DataLoader2 Tutorial
=====================

This is the tutorial for users to create a ``DataPipe`` graph and load data via ``DataLoader2`` with different backend systems (``ReadingService``). An usage example can be found in `this colab notebook <https://colab.research.google.com/drive/1eSvp-eUDYPj0Sd0X_Mv9s9VkE8RNDg1u>`_.

DataPipe
---------

Please refer to `DataPipe Tutorial <dp_tutorial.html>`_ for more details. Here are the most important caveats necessary:
to make sure the data pipeline has different order per epoch and data shards are mutually exclusive and collectively exhaustive:

- Place ``sharding_filter`` or ``sharding_round_robin_dispatch`` as early as possible in the pipeline to avoid repeating expensive operations in worker/distributed processes.
- Add a ``shuffle`` DataPipe before sharding to achieve inter-shard shuffling. ``ReadingService`` will handle synchronization of those ``shuffle`` operations to ensure the order of data are the same before sharding so that all shards are mutually exclusive and collectively exhaustive.

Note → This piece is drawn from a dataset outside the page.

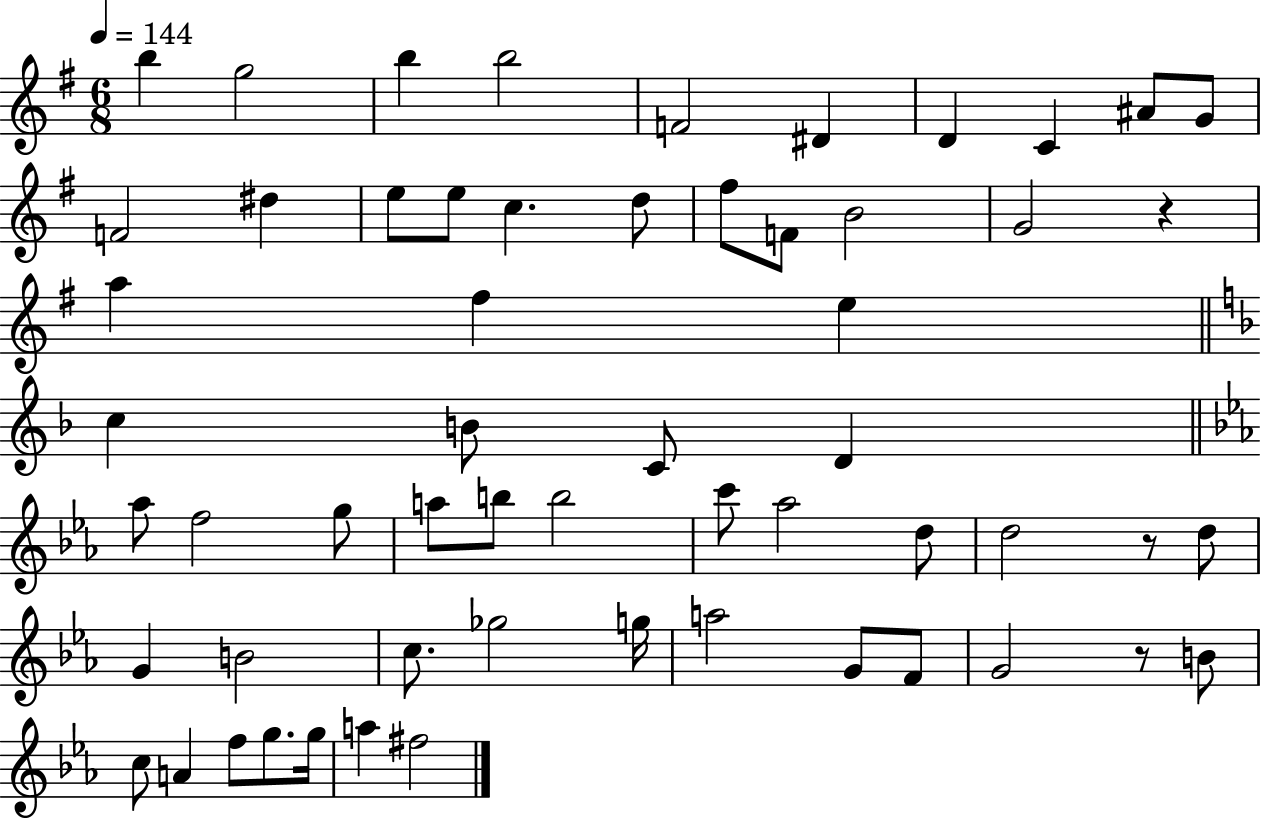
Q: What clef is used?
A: treble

Here is an example of a ``DataPipe`` graph:

.. code:: python

    datapipe = IterableWrapper(["./train1.csv", "./train2.csv"])
    datapipe = datapipe.open_files(encoding="utf-8").parse_csv()
    datapipe = datapipe.shuffle().sharding_filter()
    datapipe = datapipe.map(fn).batch(8)

Multiprocessing
----------------

``MultiProcessingReadingService`` handles multiprocessing sharding at the point of ``sharding_filter`` and synchronizes the seeds across worker processes.

.. code:: python

    rs = MultiProcessingReadingService(num_workers=4)
    dl = DataLoader2(datapipe, reading_service=rs)
    for epoch in range(10):
        dl.seed(epoch)
        for d in dl:
            model(d)
    dl.shutdown()

Distributed
------------

``DistributedReadingService`` handles distributed sharding at the point of ``sharding_filter`` and synchronizes the seeds across distributed processes. And, in order to balance the data shards across distributed nodes, a ``fullsync`` ``DataPipe`` will be attached to the ``DataPipe`` graph to align the number of batches across distributed ranks. This would prevent hanging issue caused by uneven shards in distributed training.

.. code:: python

    rs = DistributedReadingService()
    dl = DataLoader2(datapipe, reading_service=rs)
    for epoch in range(10):
        dl.seed(epoch)
        for d in dl:
            model(d)
    dl.shutdown()

Multiprocessing + Distributed
------------------------------

``SequentialReadingService`` can be used to combine both ``ReadingServices`` together to achieve multiprocessing and distributed training at the same time.

.. code:: python

    mp_rs = MultiProcessingReadingService(num_workers=4)
    dist_rs = DistributedReadingService()
    rs = SequentialReadingService(dist_rs, mp_rs)

    dl = DataLoader2(datapipe, reading_service=rs)
    for epoch in range(10):
        dl.seed(epoch)
        for d in dl:
            model(d)
    dl.shutdown()